## AUTONOMOUS NEUTRAL OBJECTS

## COMBINATORIAL MODELS

Through the course of this exercise, we delve into the exploration of geometry as an embodiment of all the 3 dimensions which make up a volume. Students begin by exploring the constructs of primary solids and their fundamental geometrical proportions by creating models using linear, planar, and volumetric materials.

Equipped with an understanding of the form of these primary solids, the students are introduced to two fundamental operations of addition and subtraction, which they can begin to utilize to produce complex solid geometries as an exploration of form development.

The engagement with these simple operatives as an exploration of combining different 3-dimensional geometries in several possible actions such as repetition, fragmentation, intersection, qualification, and distortion, will produce a set of complex combinatorial models which we could term as autonomous neutral objects.

## Students Work

Sketches drawn are with the understanding of primary solids to which elements of different proportions and sizes were added and subtracted. Different operations were explored until the orientation of the different elements was satisfactory.

A planar material; the ivory sheet was used to make the models as it offered sturdiness and gave a crisp white appearance to the models.

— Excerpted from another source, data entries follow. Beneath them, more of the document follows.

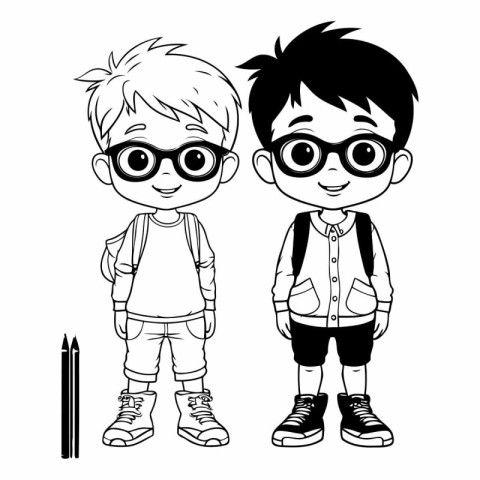 cute little students boys with school supplies cartoon vector il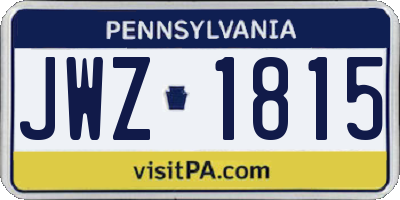 PA license plate JWZ1815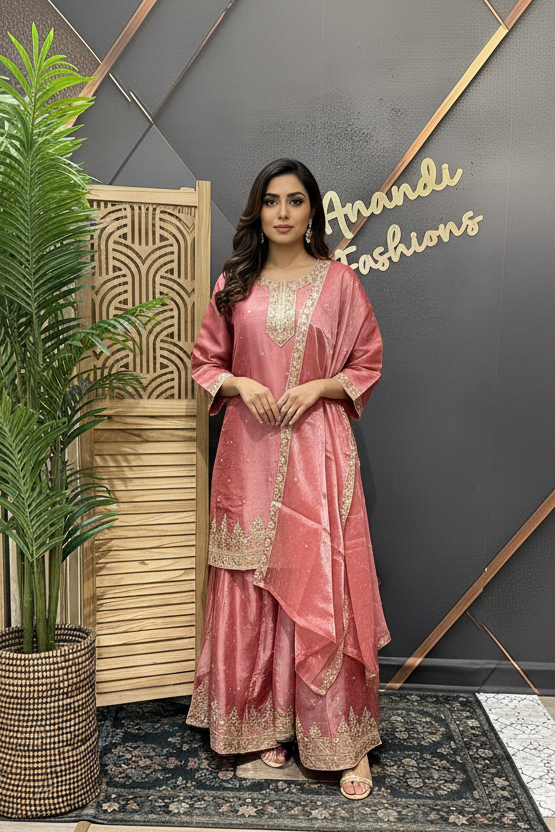 Women's Tissue Palazzo Embroidered Sharara Set
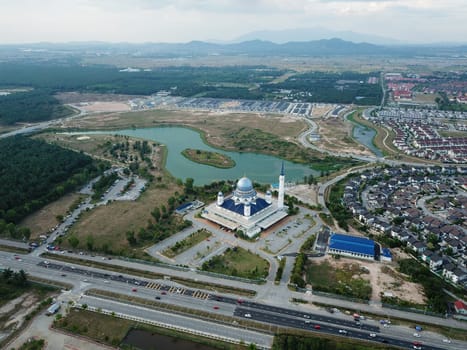 Kepala Batas, Penang/Malaysia - Mar 15 2020: Drone view Abdullah Fahim Mosque at town.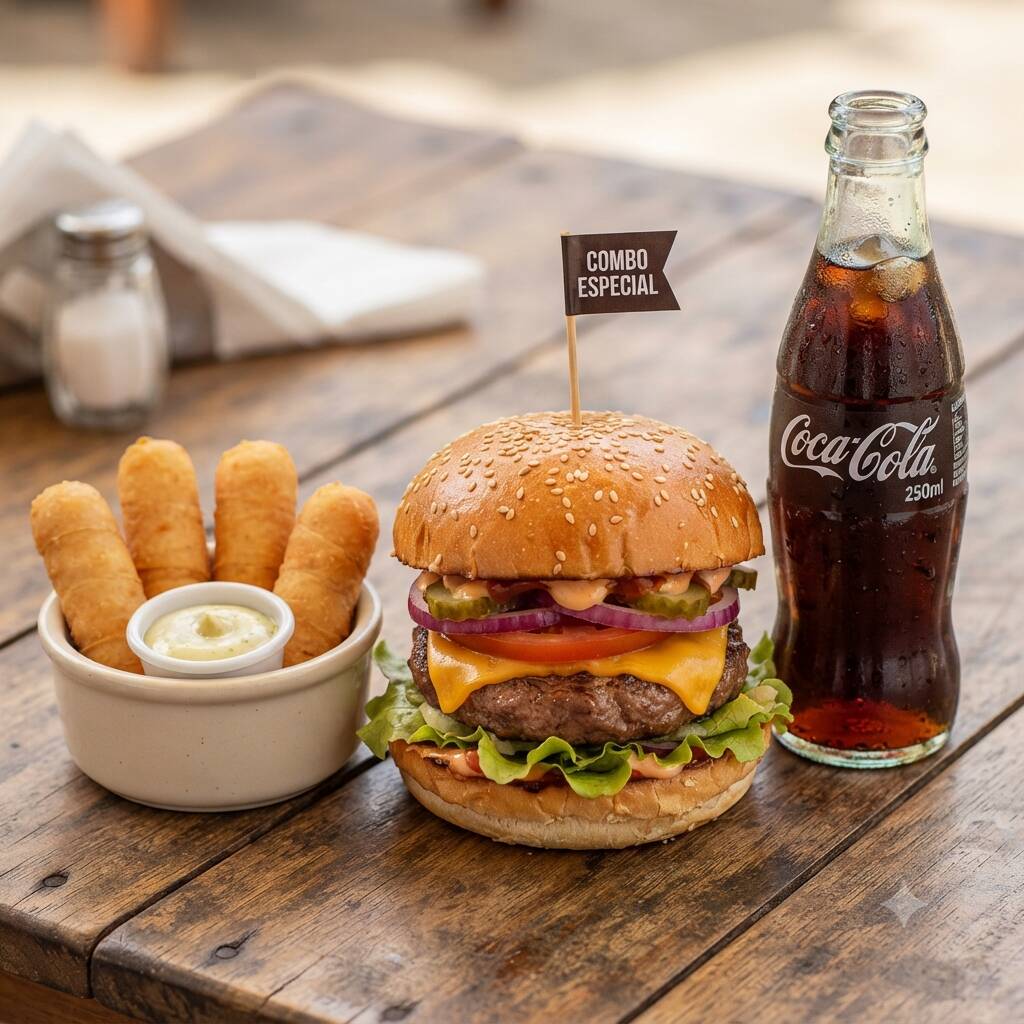 Combo Burger Pepinillos con 5 Tequeños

The model works at exploring two basic solids: cube and cuboid. The solids are added to each other at different angles giving it a distorted look which helps create a new complex combinatorial model. It helps put geometry, volume and varying dimensions of solids into perspective.

Suhani Khandelwal

Planar materials like file cards were used for these models. The process of making the model began by drawing out the various planes and panels on paper and then drafting it on the filecard. Variation in size and shape of the niches and protruding elements was used to create an interesting composition and to achieve a sense of complexity via the positions of addition and subtraction elements. Cubes and cuboids were used with variation in their dimensions.

Michele Dias

The model includes linear as well as planar materials. The use of file card and box paper helps to understand the different properties of the material. The size and forms of the model have been varied and have been positioned differently. Various methods were used for forming the structure such as piercing. This forms the additive part of the exercise. The carving of different forms of different size from the object shows the subtractive part. The combination of both methods helped to visualize and create a complete new and different form.

Durwakshi Bhoir

The entire model has been prepared by a combination of geometrical shapes. The planar material used for preparing this model is a file card. White file card was chosen as the color because it made it easier for the interior parts to be seen. Further, various organic shapes were introduced. The model has two pyramids linked at their edges. The pyramids are supported by a cuboid in a slanting position which was later inserted in the cuboid. Despite no specific form, the model’s base manages to stand upright and in a balanced position.

Kshiti Khot

The first model was created as an organic form in which different materials like wood, thread, and mountboard have been used. It has two square prisms at the top and bottom to show balance even if the model was slanted and another triangular prism holding the rest of two cuboids and a cylinder creating a new and unique composition.

The second model was inspired by a matrix simulation in which there is a cube inside a cube but one can see the dimensions of the inner cube itself which is also supported by two triangular prisms below the inner cube from the bottom.